The morning was foggy and rainy, and most of the checkpoints were villages you wouldn't ordinarily visit, up single-track roads that were a little the worse for the weather. On one, I squeezed past a van coming the other way and the driver cheerfully informed me that there was 'two foot of water' at the other end. I comforted myself with the thought that he was probably exaggerating, and, indeed, it was not two foot of water (though it was quite a lot).

I don't think my bike's previous owner had even ridden it in the rain, let alone through a flood.

We crossed Exmoor in the fog and paid a pound each to travel the toll road at Porlock Weir. With six out of twelve unmanned checkpoints in the bag, we stopped for a pub lunch at the Pack o' Cards in Combe Martin. Built, according to legend, using the proceeds of a gambling win, it is shaped like a house of cards and designed around the number of cards in a deck, with four floors, 13 doors on each floor, and 52 stairs.

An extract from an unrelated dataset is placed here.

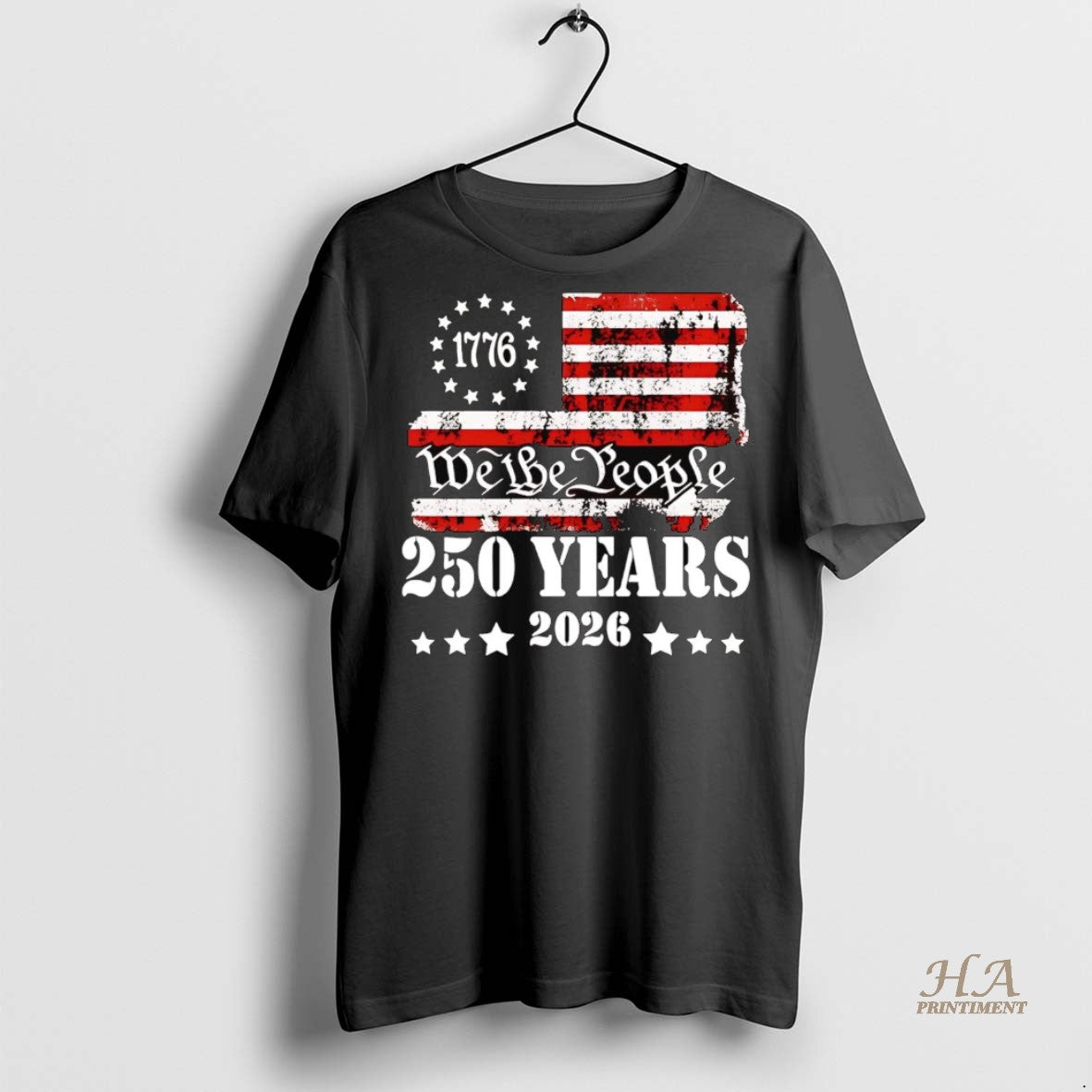 Official Us Flag We The People 250 Years 1776 2026 Shirt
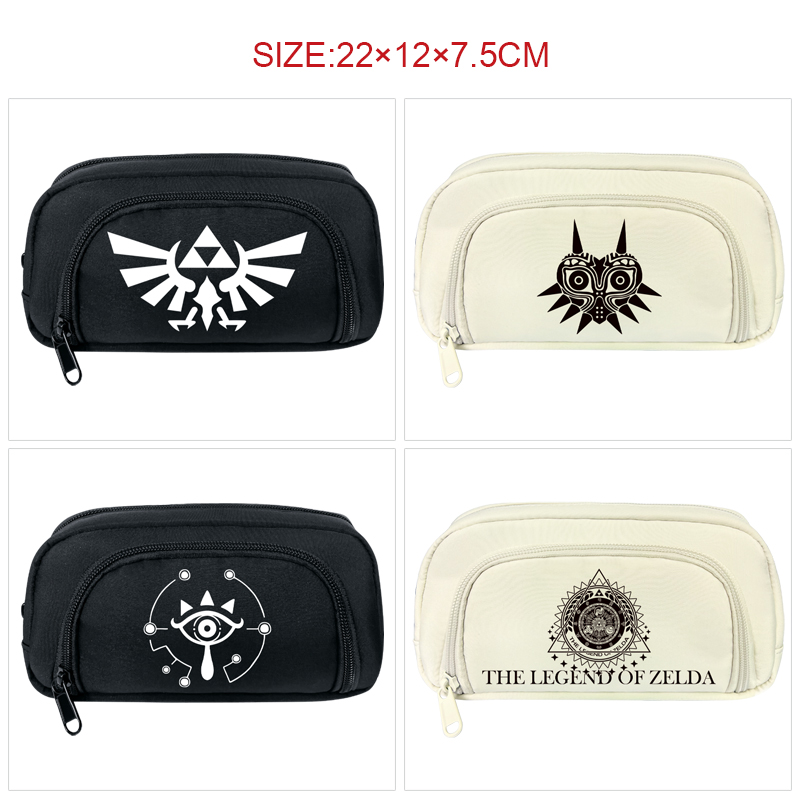 The Legend of Zelda anime pencil bag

At Ilfracombe we knocked off one of the two manned checkpoints we needed, which put us halfway to victory. Our second, via a couple more unmanned ones, was at Princetown, where we were recognised from previous years and warmly welcomed. ("Oh, you're the journalist lady!" exclaimed the guy who stamped my card, which is a very generous description of my writing up the 2011 rally for a freebie bike mag.)

We stopped for a coffee before heading over Dartmoor, where the weather was finally kind and gave us views of golden, sunlit hills surrounded by shadows. Three checkpoints remained, one at the charmingly-named and tiny hamlet of Black Dog. (The whole day was filled with wonderful names: Curry Rivel; Fivehead; Sticklepath; Mary Tavy.)

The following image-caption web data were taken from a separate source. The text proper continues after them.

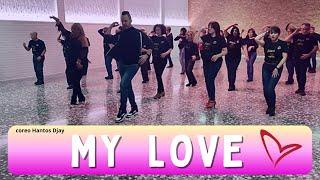 MY LOVE coreo Hantos Djay - Linedance 2024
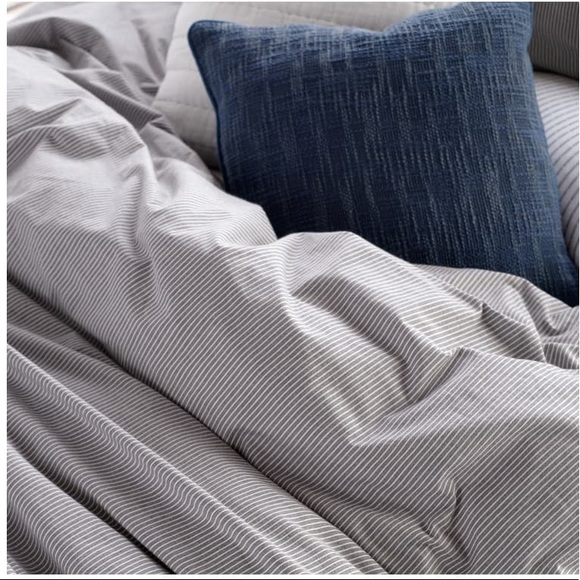 Dkny Bedding Pure Stripe Duvet Cover And Shams King Poshmark
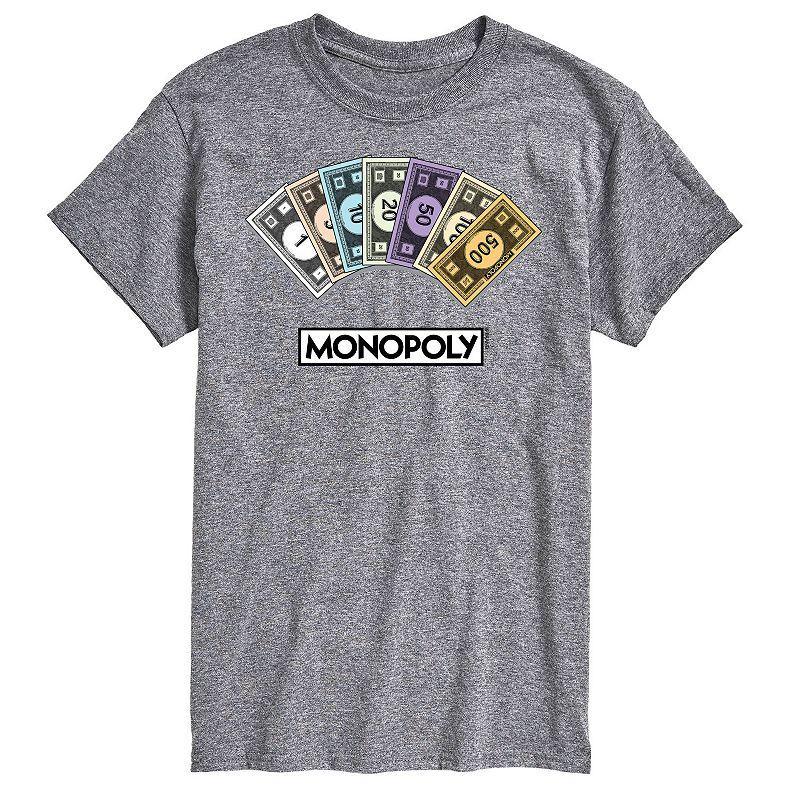 Big & Tall May Contain Beer Tee, Mens Blue Product Image
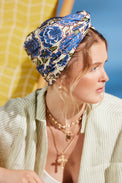 Turbans femme modulable-TURBAN CUBAINE LEA- Indira de paris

We returned to Long Sutton soon after 8pm, received our certificates and 10th anniversary mugs, had a bowl of stew, and departed around 9, 12 hours after we'd checked in that morning.

Apr. 4th, 2018


Weekend Part 2: Do You Really Think That's Wise, Sir?

Our first stop on Sunday was Thetford again, where the Charles Burrell Museum was opening for the season. The museum showcases the steam-powered engines for industry, transport and fairgrounds once made on the premises, although we were mostly interested in seeing Corporal Jones's butcher van, which also lives there.

I had pushed strongly for a visit to Great Yarmouth, our next destination. The pier featured in more than one episode, but I was mostly interested in sausage and chips, a look at the sea and a play on the 2p machines at the amusement arcade (I didn't win anything).

Afterwards we headed to Cromer, largely because I'd been before and remembered both the town and the coastal route from Great Yarmouth as pretty. Black clouds threatened but I had a Lemon & Lime Ripple ice cream anyway. It was shot through with bright green and someone stopped me on my way to the beach to ask what flavour it was.

Back to the hotel via a quick peek at pretty Weybourne Station, featured in the episode The Royal Train and now privately-owned.

More rain was forecast on Monday, but pushing off around lunchtime, so we delayed our departure. The journey home was by way of a roundabout in Bury St Edmunds so we could admire the carved wolf guarding it (a wolf kindly looked after Edmund the Martyr's severed head until it could be reunited with his body).